読書とは・・・書かれた文章の内容を把握するなかで起きる筆者との対話であると。
そして文章の背後に透けて見える筆者と出会い、ときには共感し、ときには納得し、ときには反発するのが読書の醍醐味であり、
よい読み手になるためには文章予測が大事であるという点が5章に渡り細かに解説されている。
20作品以上の名作を題材にして順を追って丁寧に解説があるので、ふむふむなるほどと、読みやすい。
「予測」のいろいろや、「タメを作る」や「行間を読ませる」など、なーるほど。
が、なんとなくわかったけれども、んん?にはムツカシイ?と思える箇所もあったので、再度読み返したいと思った。

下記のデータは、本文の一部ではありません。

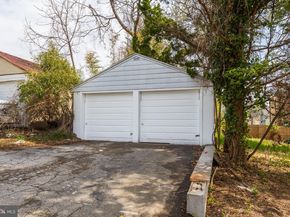 3227 Berkley Avenue, Drexel Hill PA 19026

予測力を伸ばせば読み上手になれ、それは作文上手につながるというのも新鮮だった。
〜印象に残った部分を引用〜
優れた文章は、重層性のある問いが有機的に関連してできています。そして、その問いを解き明かそうと予測を重ねるうちに、その文章に引きこまれ、読みがひろがっていくのです。
このような深みのある文章に出会ったとき、予測を活かして文章に主体的に問いかけ、その答えを主体的に見いだす力がつけば、読解力は確実に向上します。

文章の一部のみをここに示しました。